Provided records
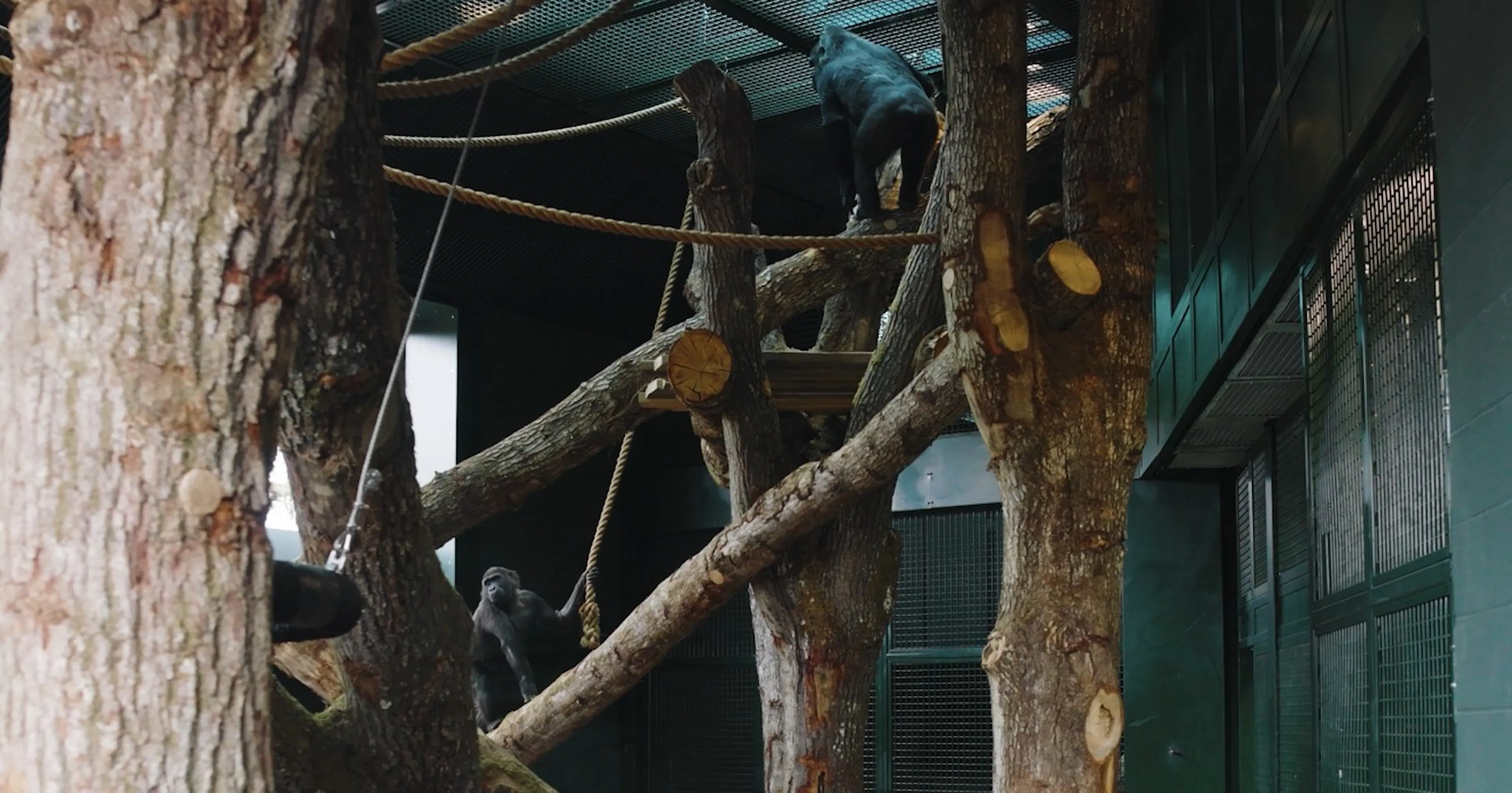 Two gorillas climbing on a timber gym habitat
--
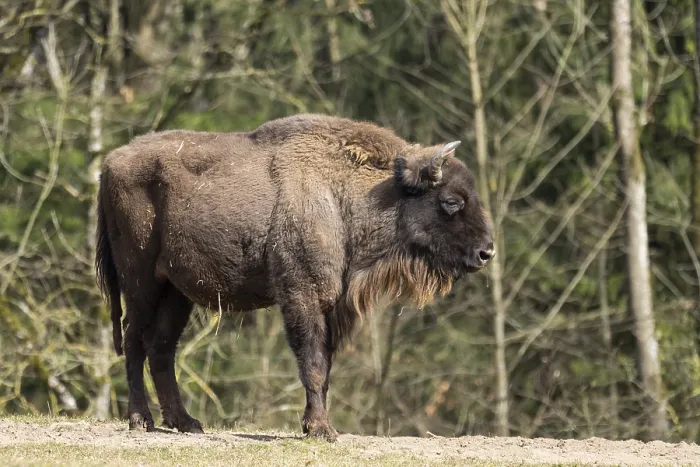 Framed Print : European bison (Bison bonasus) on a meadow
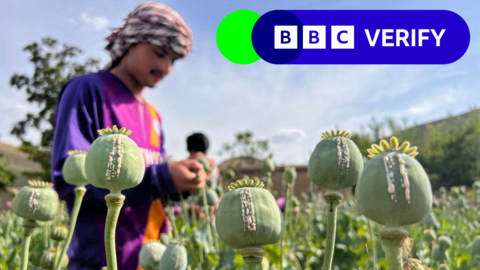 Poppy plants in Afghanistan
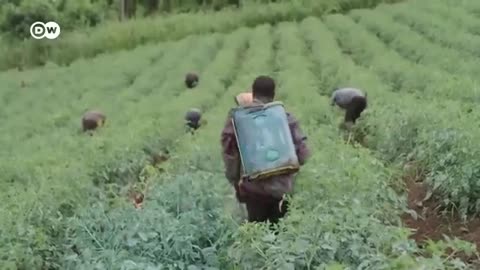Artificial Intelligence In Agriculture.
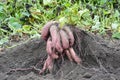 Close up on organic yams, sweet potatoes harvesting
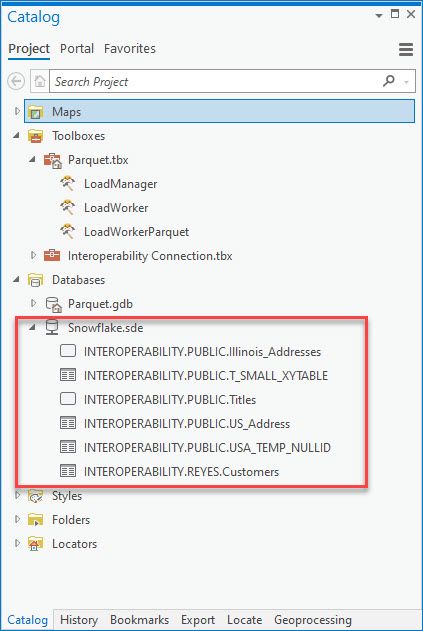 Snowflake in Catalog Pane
--
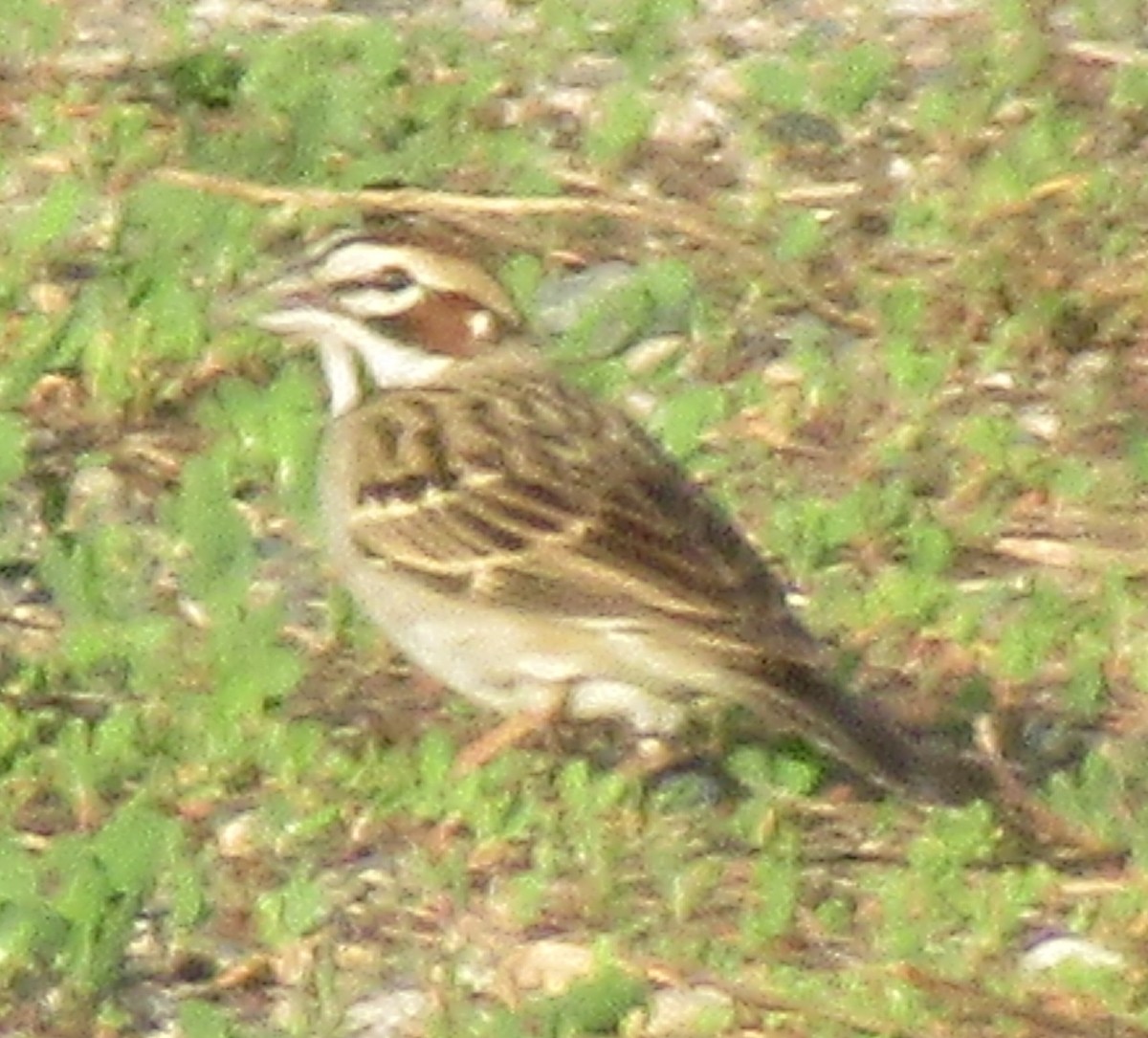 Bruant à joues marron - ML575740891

Exercise description
Print, word for word, the lines above that run from the line containing "Close up on" to the line containing "Snowflake in Catalog Pane", both included. Keep the pictures out.

Answer to this task
 Close up on organic yams, sweet potatoes harvesting
 Snowflake in Catalog Pane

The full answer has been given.